§ Entries provided:

···

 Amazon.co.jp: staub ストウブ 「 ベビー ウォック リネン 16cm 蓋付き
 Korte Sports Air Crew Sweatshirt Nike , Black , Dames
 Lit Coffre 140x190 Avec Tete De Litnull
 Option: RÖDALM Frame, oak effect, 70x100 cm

···

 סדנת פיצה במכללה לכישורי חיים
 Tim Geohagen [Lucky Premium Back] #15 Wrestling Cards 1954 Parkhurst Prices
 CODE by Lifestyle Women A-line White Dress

···

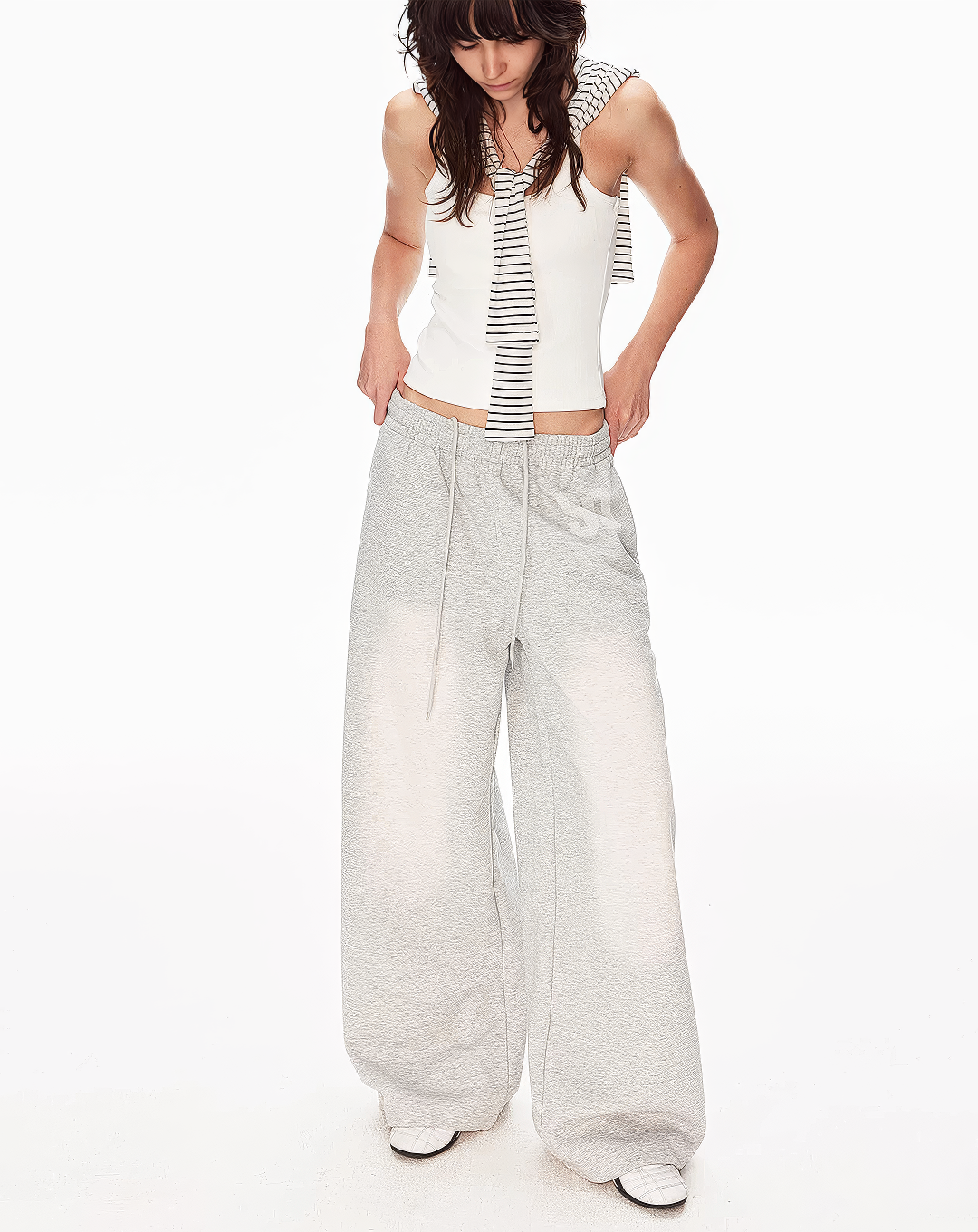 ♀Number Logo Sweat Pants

···

§ Work item: Each line above from the one with "Amazon.co.jp: staub ストウブ" up to and including the one with "Option: RÖDALM Frame, oak effect, 70x100 cm" must be set down exactly, and no line outside that span may appear.

§ Final answer:
 Amazon.co.jp: staub ストウブ 「 ベビー ウォック リネン 16cm 蓋付き
 Korte Sports Air Crew Sweatshirt Nike , Black , Dames
 Lit Coffre 140x190 Avec Tete De Litnull
 Option: RÖDALM Frame, oak effect, 70x100 cm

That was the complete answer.